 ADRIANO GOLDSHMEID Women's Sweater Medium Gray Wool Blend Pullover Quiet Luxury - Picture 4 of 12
■ ■ ■ ■
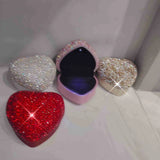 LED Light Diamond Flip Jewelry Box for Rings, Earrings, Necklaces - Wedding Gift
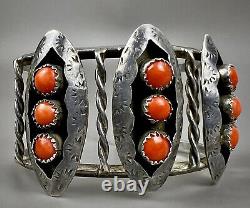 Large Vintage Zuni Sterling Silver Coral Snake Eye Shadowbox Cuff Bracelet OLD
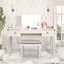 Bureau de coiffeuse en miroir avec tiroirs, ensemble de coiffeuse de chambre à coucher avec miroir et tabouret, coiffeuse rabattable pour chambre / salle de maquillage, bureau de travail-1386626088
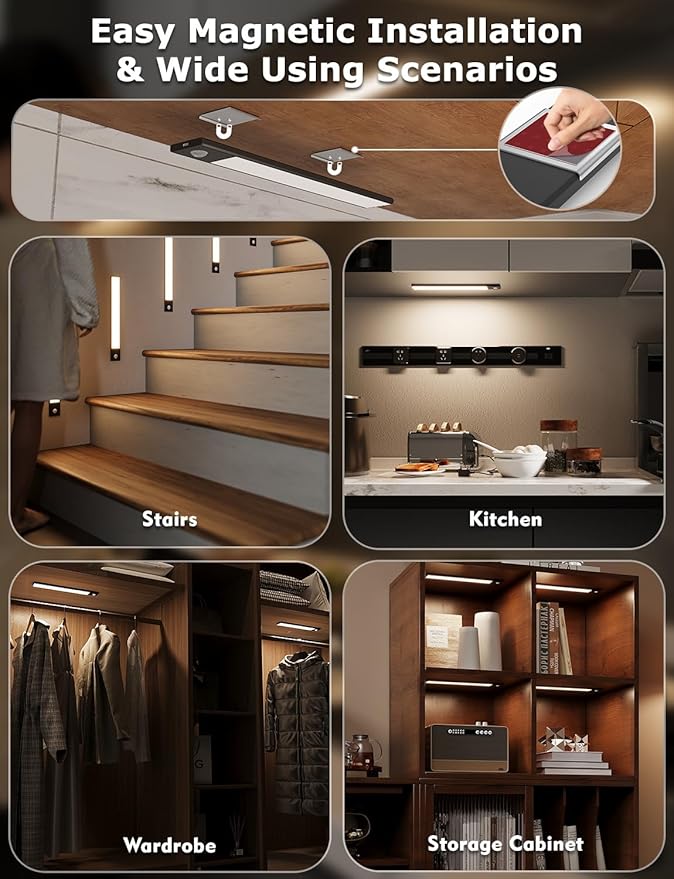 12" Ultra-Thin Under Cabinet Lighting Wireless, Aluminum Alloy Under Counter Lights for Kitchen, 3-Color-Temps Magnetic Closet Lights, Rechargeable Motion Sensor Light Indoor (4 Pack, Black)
■ ■ ■ ■
● WHAT NEEDS TO BE DONE
The answer is the lines of the material above, from the one containing "LED Light Diamond" down to the one containing "Bureau de coiffeuse", given exactly and without images.

● TASK RESULT
 LED Light Diamond Flip Jewelry Box for Rings, Earrings, Necklaces - Wedding Gift
 Large Vintage Zuni Sterling Silver Coral Snake Eye Shadowbox Cuff Bracelet OLD
 Bureau de coiffeuse en miroir avec tiroirs, ensemble de coiffeuse de chambre à coucher avec miroir et tabouret, coiffeuse rabattable pour chambre / salle de maquillage, bureau de travail-1386626088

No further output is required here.